YOUR ASSIGNMENT: Transcribe, starting at the line with "AMLO se corrige, ha" and ending at the line with "Edwin Cardona podría", every line of the material below exactly, but leave out the pictures and anything outside that span.

──────── INFORMATION PROVIDED ────────

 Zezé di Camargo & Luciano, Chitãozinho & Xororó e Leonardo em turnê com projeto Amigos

────────
──────── INFORMATION PROVIDED ────────

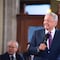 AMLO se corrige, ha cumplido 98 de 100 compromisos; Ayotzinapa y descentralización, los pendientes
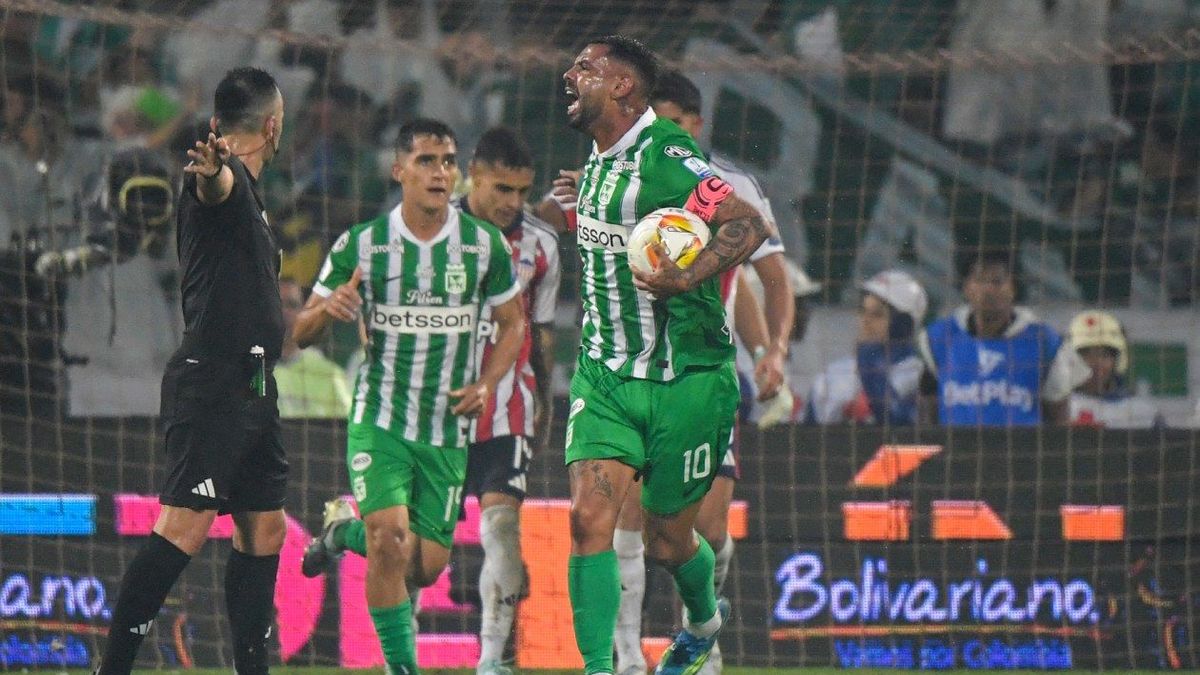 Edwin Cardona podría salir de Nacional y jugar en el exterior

────────
──────── INFORMATION PROVIDED ────────

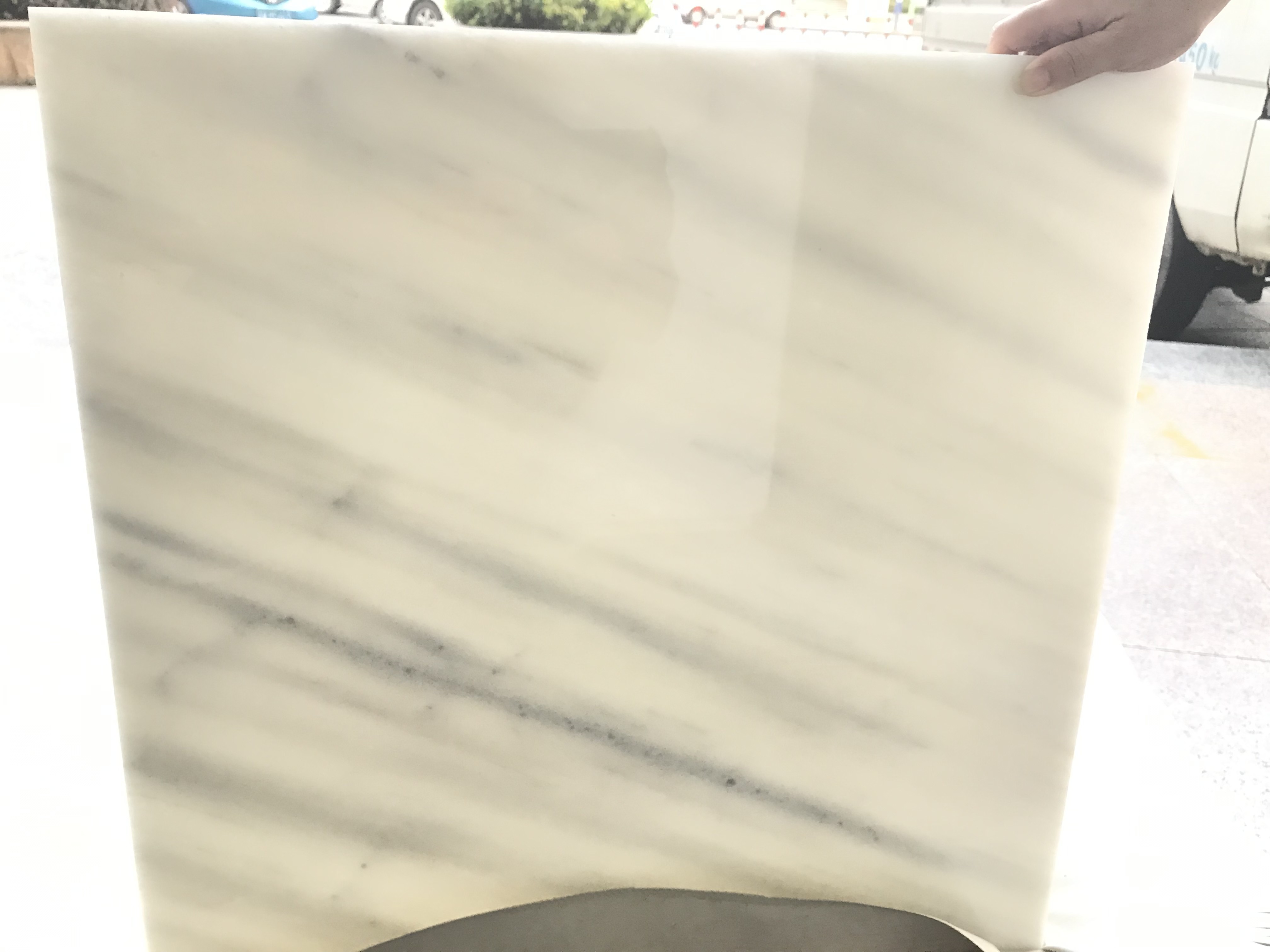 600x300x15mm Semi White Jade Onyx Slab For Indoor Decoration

────────

RESPONSE FOR THIS EXERCISE:
 AMLO se corrige, ha cumplido 98 de 100 compromisos; Ayotzinapa y descentralización, los pendientes
 Edwin Cardona podría salir de Nacional y jugar en el exterior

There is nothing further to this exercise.